I reached into the darkness of the bedroom for my cell phone. I did not find it. I patted the night table for it but felt flat surface. In the quiet early morning hours. I could not hear my wife Janelle snoring, or even breathing. I reached out to touch her, concerned about her, and nearly fell out of the bed as my hand grasped air. I was in a single bed, not a queen size, but remembered nothing of how I arrived.

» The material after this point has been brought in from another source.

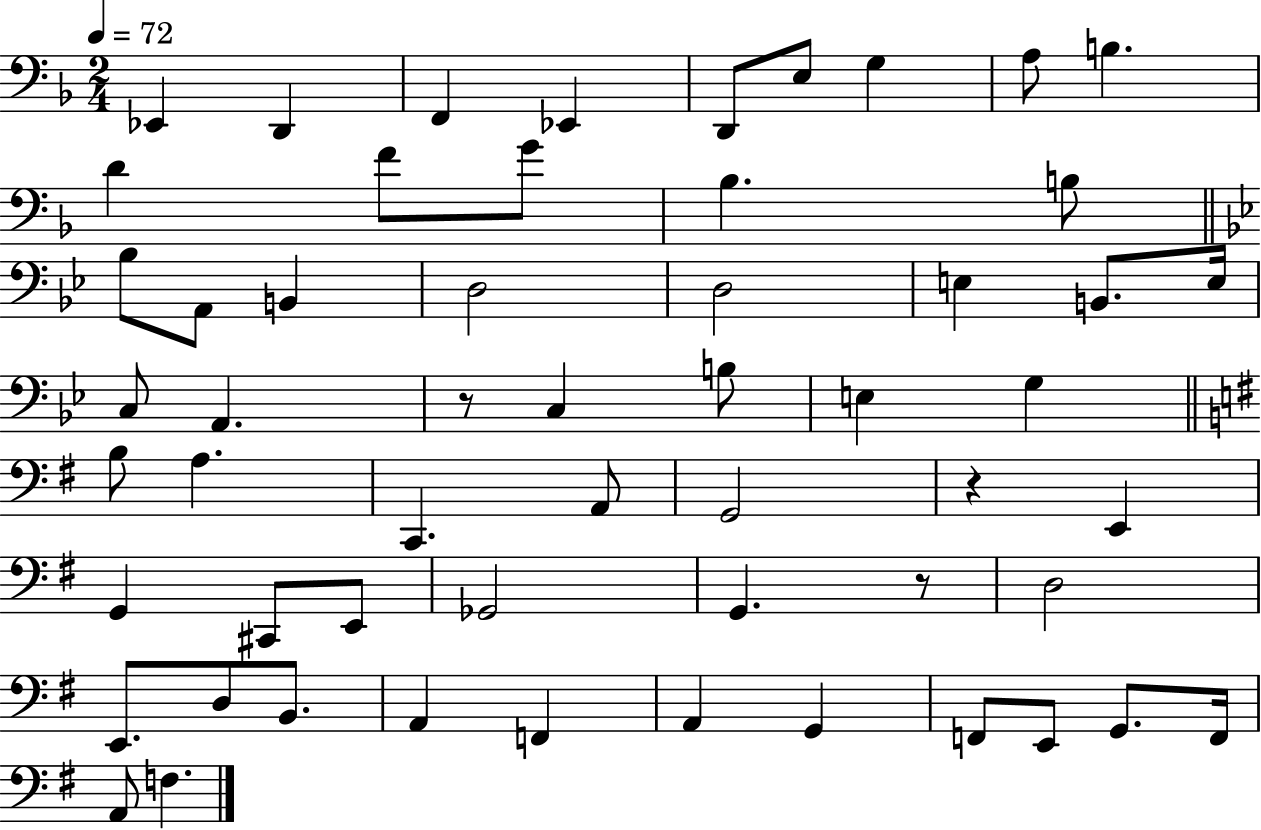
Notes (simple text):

Eb2/q D2/q F2/q Eb2/q D2/e E3/e G3/q A3/e B3/q. D4/q F4/e G4/e Bb3/q. B3/e Bb3/e A2/e B2/q D3/h D3/h E3/q B2/e. E3/s C3/e A2/q. R/e C3/q B3/e E3/q G3/q B3/e A3/q. C2/q. A2/e G2/h R/q E2/q G2/q C#2/e E2/e Gb2/h G2/q. R/e D3/h E2/e. D3/e B2/e. A2/q F2/q A2/q G2/q F2/e E2/e G2/e. F2/s A2/e F3/q.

I rolled back toward the night table. Illuminated numerals read 5:59. Reaching out to touch them, I felt a large oblong object, a clock radio. No one has a clock radio any more, do they? Without a better plan I awaited daylight, reflecting on what might have happened and where I had alighted. In prison? No, prisons don’t have night tables and clock radios. Maybe a hospital, but not without other people, nurses and orderlies, even at night. No satisfying conjecture. I returned from work at 10 pm, ending long hours that stressed my relationship with Janelle. She felt I should show investment more time in the family. We had two children who needed more “Daddy time,” and she needed occasional respite. I worked to pay a barely affordable mortgage in an upscale neighborhood near the elite schools the children attended. I hoped to catch up financially by the turn of the century in nine years. She had already gone to bed, emitting a muffled snoring that I found endearing. After brushing my teeth and showering, I had carefully slid under the sheets beside her and fallen asleep. A normal evening.

The radio alarm came on. Pete Seeger sang, “We were knee deep in the big muddy, but the big fool said to push on.” Could I find a light switch without hurting myself in the dark? Time passed. Daybreak revealed a miracle. I was in my childhood room, awakening in the single bed with green vinyl headboard beside the maple night table with a lamp beyond the clock radio, my built-in bookcase framing the window of the knotty pine room, arching above the Formica desk where I did my homework.

Memory of a childhood dream returned. Looking outside I saw a bald man with glasses lurking in the garden beneath my window. I called my parents, but they could not see the man. That they could not see was frightening. I fell asleep in this bed and awoke to hear people in the other room. Arising and going to the door, I saw the backs of my parents as they observed the man sitting at the dining room table, across the living room, typing on my father’s portable Remington. I pointed. “That’s the man, Mom, Dad.” My mother turned to me, smiled, raised her finger to her lips and said, “Shhhh!”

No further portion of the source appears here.